Hannah is a mess of a human being – dealing with both grief and guilt, repressing a deeply traumatic memory, using alcohol as a crutch, and negatively comparing herself to Lucy, the only other woman near her age staying at The Guest House:
“Thought about everything Lucy had already accomplished, about what it must be like to stand on stage as a sea of people cheered your name. Then she pictured her own messy bedroom back in her mum’s house, her own messy life”.
Hannah describes Lucy as “gorgeous,” but mixes this with jealousy and disdain at the musician’s cool fashion and attitude as opposed to her own slovenly laziness. This – sometimes overwhelming – self-hatred from the main character is something I don’t often come across. While the pauses in action to focus on Hannah’s self-loathing occasionally made the narrative move a bit slow, I overall appreciated the fact that this novel centres on an imperfect – and, at times, downright annoying – heroine. It felt refreshing to immerse myself within a horror fiction that didn’t have the typical final girl at the helm. Rather than be pure, kind, loyal, brave, and resourceful, Hannah is messy, jealous, terrified, lonely, and lost. These characteristics all add up to a far more realistic character, as well as one that is often brutally relatable. While I cringed when she panics after locking herself in an empty room and calling out for help, I also felt that this would be exactly how I’d behave in the situation: noisy, anxious, and pretty clueless.

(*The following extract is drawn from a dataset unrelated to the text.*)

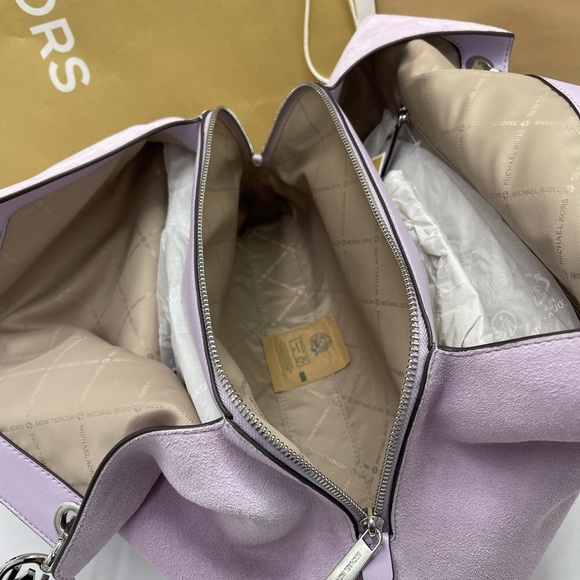 MICHAEL KORS Christina Lg Suede Triple Gasset Shoulder Tote Bg
Light Quartz 
NWT - Picture 7 of 16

I was also surprised by The Guest House’s fairly sustained interest in the digital world. Hannah and the other guests discover the Guest House through a search on an app called “Cloud BNB,” clearly a play on Airbnb. The use of an app modelled on Airbnb in a horror novel serves to further the mystery of the house itself. None of the guests ever see Harry Laughton, the host, and instead only communicate with him via the app and email. As the guests start dying gruesome deaths, Harry’s anonymity becomes more disconcerting. Which reminds me, since this facelessness is not so different from the reality of booking on Airbnb, this book may be particularly terrifying if you’re using their services any time soon. Beyond this obvious use of the digital to create horror, Frost also infuses the narrative with key characters who are able to keep an eye on people from their past using social media, as well as create new identities for themselves. The reader is also witness to Hannah’s own digital torment from Facebook harassment, as well as from her own inability to step away from social media. Despite this focus on the digital, Frost also impressively found a way to concoct a haunted house / murder mystery plot with cell phones involved. The information provided online often proves false, plus the culprit behind all of the deaths within the Guest House wisely shut off the wifi before the terrors could even begin.
Finally, I enjoyed Frost’s clear awareness of the gothic tradition. The Guest House is full of classic gothic elements, from a spooky isolated house to doppelgangers. Frost’s novel also features a sub-plot concerning a confined woman, a character who frequently inhabits the pages of gothic literature. You might recognise her as Bertha Mason in Charlotte Bronte’s Jane Eyre or the anonymous narrator of Charlotte Perkins Gilman’s “The Yellow Wallpaper.” Much like her literary ancestors, The Guest House’s confined woman is made to either appear or become insane as a result of her imprisonment by a patriarchal figure. This novel, however, makes an important change to the tradition and allows this character to eventually gain her own freedom.
Although The Guest House feels a little slow at times, it’s absolutely worth a read. Frost’s knowledge of and love for the genre is blindingly clear through her refreshing cast of characters, digital horror, and deployment of the gothic. Because of the murder mystery at its core, The Guest House also provides its readers with the delightful experience of playing detective.